Assignment:
Leaving out the pictures, copy each record below exactly.

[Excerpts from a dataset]
⁂

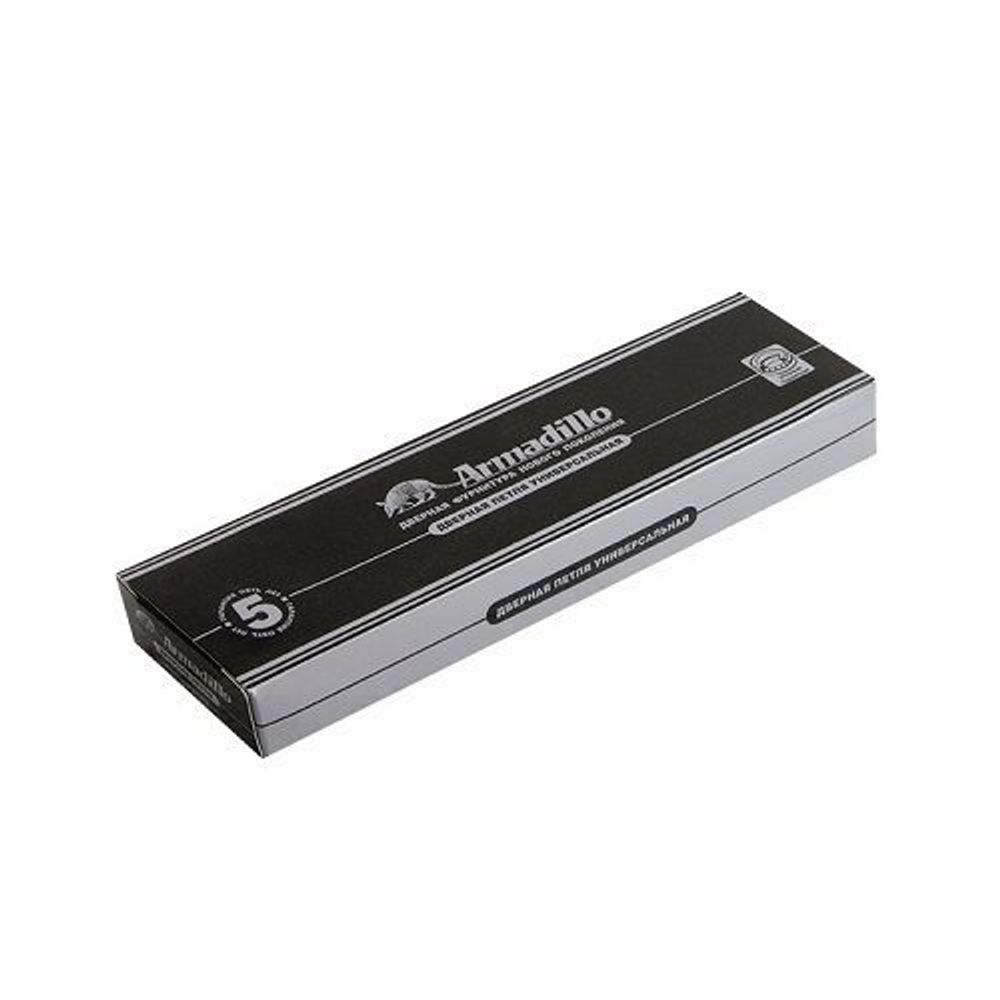 Петля универсальная ARMADILLO 500-C5 125x75x3 GP золото /13886/ (1 шт)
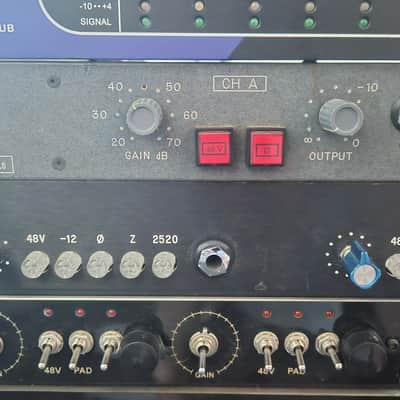 Revive Audio Custom Discrete 2-Channel API-Style Mic Preamp (312 / 2520 Clone) - Black image 4
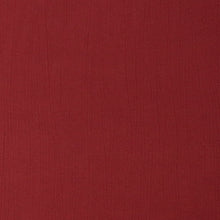 Viscose Linen Crinkle - Red - END OF BOLT 49cm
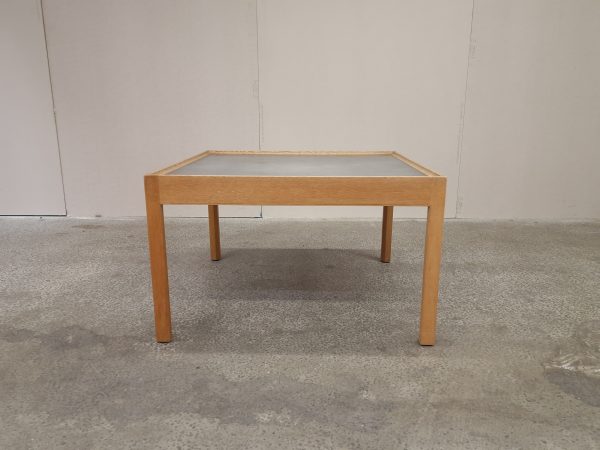 Sofabord, egetræ, - Image 8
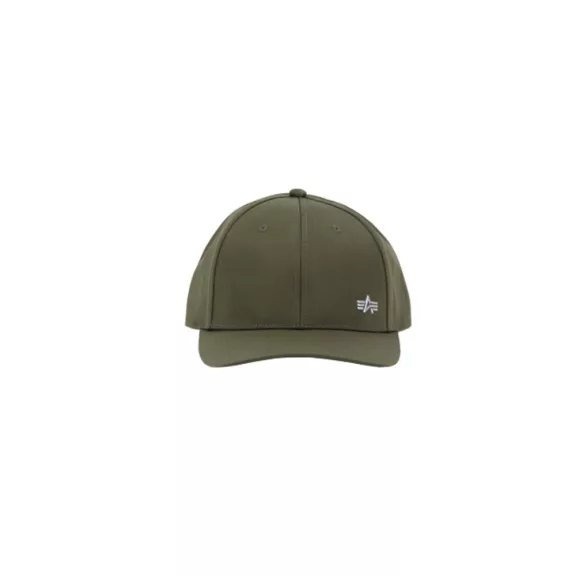 Metal Label Cap - dark olive Metal Label Cap - dark olive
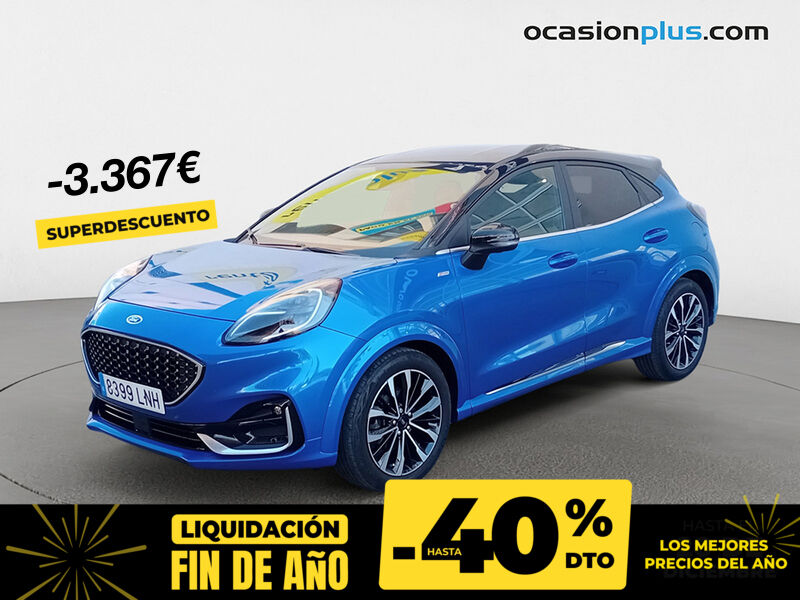 FORD Puma (1.0 EcoBoost ST-Line Auto 92 kW (125 CV)) en Madrid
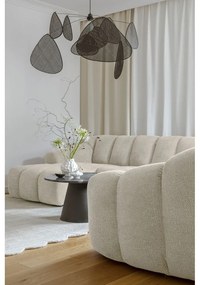 Colțar bej (cu colț pe partea dreaptă/în formă de "U") Shell – Miuform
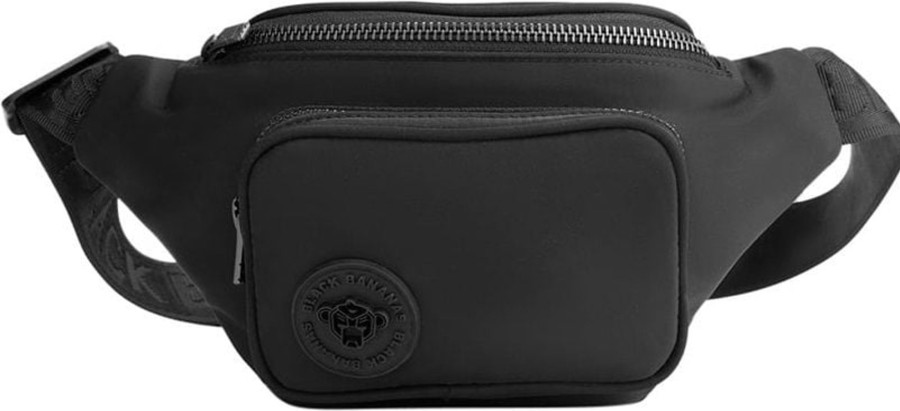 Dames Black Bananas | Black Bananas Jr Essential Fanny Pack Zwart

⁂

Task output:
 Петля универсальная ARMADILLO 500-C5 125x75x3 GP золото /13886/ (1 шт)
 Revive Audio Custom Discrete 2-Channel API-Style Mic Preamp (312 / 2520 Clone) - Black image 4
 Viscose Linen Crinkle - Red - END OF BOLT 49cm
 Sofabord, egetræ, - Image 8
 Metal Label Cap - dark olive Metal Label Cap - dark olive
 FORD Puma (1.0 EcoBoost ST-Line Auto 92 kW (125 CV)) en Madrid
 Colțar bej (cu colț pe partea dreaptă/în formă de "U") Shell – Miuform
 Dames Black Bananas | Black Bananas Jr Essential Fanny Pack Zwart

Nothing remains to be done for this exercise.